It's lights out at the celebrated Large Hadron Collider. The world's most powerful particle accelerator has shut down for a two-year hiatus, CERN officials announced Thursday in a news release.
During the break, dubbed "Long Shutdown 1," the atom smasher is expected to be repaired and upgraded in an effort to prepare the machine for operating at higher energy.
“There is a great deal of consolidation work to do on CERN’s whole accelerator complex, as well as the LHC itself,” Steve Myers, CERN’s director for accelerators and technology, said in the release. “We’ll essentially be rebuilding the interconnections between LHC magnets."

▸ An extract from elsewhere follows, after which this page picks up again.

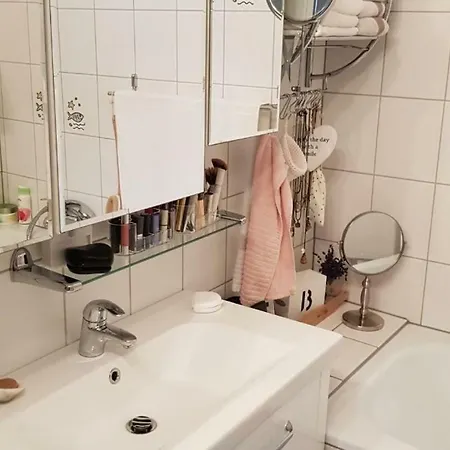 6792 Privatapartment Zeisig شقة *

The LHC is housed at the European Center for Nuclear Research (CERN), and gained much attention last year for identifying a particle believed to be the Higgs boson. But scientists suggest the machine has yet to reach its full potential.
"We have been running successfully," University of Oxford physicist Tony Weidberg, who works on the LHC's Atlas detector, told BBC News, "but only at half the maximum energy, because we can only safely run the magnets at half the design current."
The collider is scheduled to resume running in 2015, with the rest of the CERN complex slated to start up again in the second half of 2014.
“We have every reason to be very satisfied with the LHC’s first three years,” CERN Director-General Rolf Heuer said in the release. “The machine, the experiments, the computing facilities and all infrastructures behaved brilliantly, and we have a major scientific discovery in our pocket.”